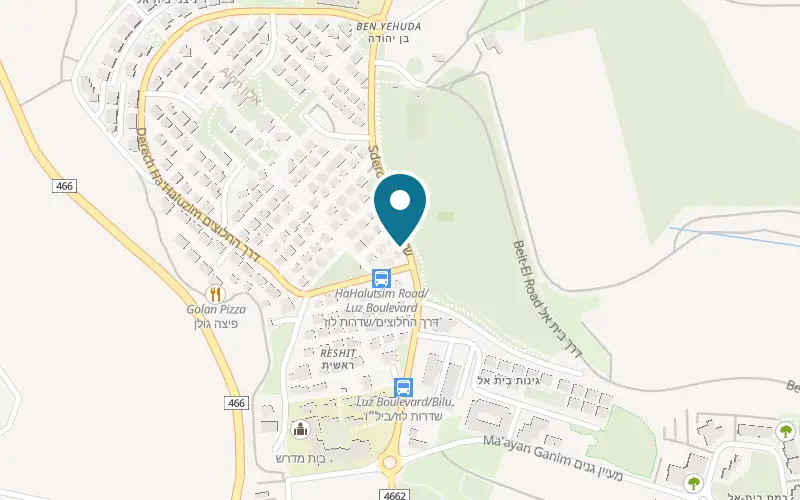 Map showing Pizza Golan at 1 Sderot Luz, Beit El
============
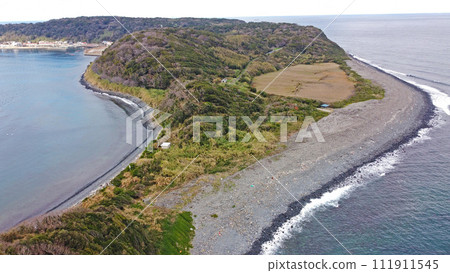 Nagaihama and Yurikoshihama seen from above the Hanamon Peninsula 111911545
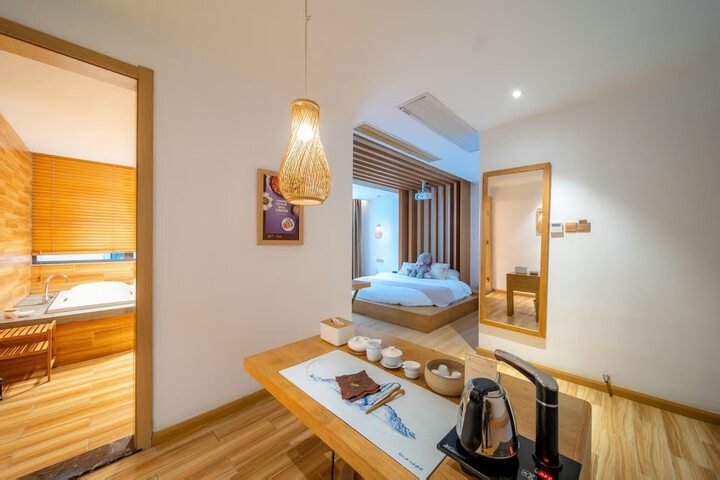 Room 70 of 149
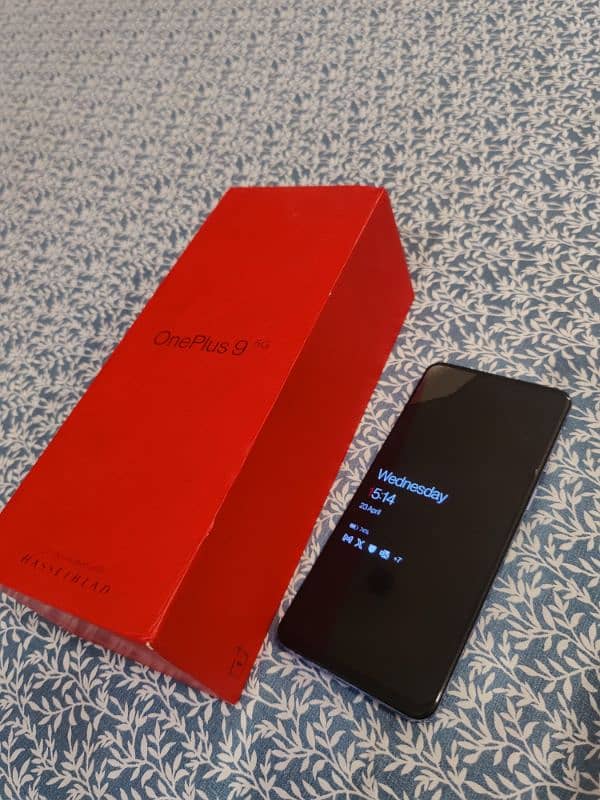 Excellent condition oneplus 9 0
============
* Task goal *
For this exercise, please set down exactly the lines of the listing above from the line with "Nagaihama and Yurikoshihama" up to and including the line with "Excellent condition oneplus 9 0", and no pictures.

* Result of the exercise *
 Nagaihama and Yurikoshihama seen from above the Hanamon Peninsula 111911545
 Room 70 of 149
 Excellent condition oneplus 9 0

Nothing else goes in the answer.